Answer: passion is supposed to refer itself to a psychic disposition, a movement of soul or feeling, while reason is allegedly a facculty of understanding. Definitions on the latter are though extremely weak even in philosophy, and little can be concluded from etymology: actually from latin ‘ratio’ = measure, part, from where the Spanish or French ‘ration’ or ‘ración’. The Greek equivalent, better defined, is ‘nous’ a human facculty going beyond understanding and seeming to be the transformation of instinctive intuition into a spiritual perception. The difficulty of the Roman to understand this notion allows thinking a transformation leaning more on ‘divisions of understanding’ than on intuition, as if the balance obtained through immediate apprehension could be transformed into figures.
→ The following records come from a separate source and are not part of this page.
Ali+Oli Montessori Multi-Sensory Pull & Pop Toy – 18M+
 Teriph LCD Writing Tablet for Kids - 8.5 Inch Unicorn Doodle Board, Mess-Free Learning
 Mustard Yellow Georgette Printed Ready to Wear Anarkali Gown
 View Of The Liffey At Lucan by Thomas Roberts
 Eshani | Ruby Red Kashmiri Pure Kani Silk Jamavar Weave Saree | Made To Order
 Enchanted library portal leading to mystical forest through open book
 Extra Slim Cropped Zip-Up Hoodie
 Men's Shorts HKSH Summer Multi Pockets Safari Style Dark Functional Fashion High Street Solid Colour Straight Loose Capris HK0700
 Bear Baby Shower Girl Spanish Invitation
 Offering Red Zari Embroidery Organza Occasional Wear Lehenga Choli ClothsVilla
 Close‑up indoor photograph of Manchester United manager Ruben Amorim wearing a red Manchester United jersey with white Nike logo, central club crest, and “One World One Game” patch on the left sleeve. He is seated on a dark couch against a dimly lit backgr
To give an example: a Greek would measure the part of food through the immediate need of the person, which may depend on his hunger or on the difficulty of his task. A Roman would give to each the same portion, independently of other factors. The difficulty of the Greek notion is that it has to apprehend the subjective wanting as possibly misleading: to claim for something does not necessarily mean that you need it, and to put a frein to claims of the kind ‘but he has more than me’ seems far too difficult to the Roman, so that he solves the Alexandrian knot with a simple sword cut.
In time (around the XVIth century), this ‘nous’ would become the ‘faculty of judgement’ in philosophy, while ‘reason’ will become some kind of ‘absolute referential’ which may be ideal (Kant) or subjective, and than associable to what is called common reason (Rousseau).
In any case, reason as possible means to control passion (Plato), which is often attached to the irrational, absurd, disordered, has largely been favoured all over history in philosophical currents, while reality does seem to give largest spaces of expression to … passion.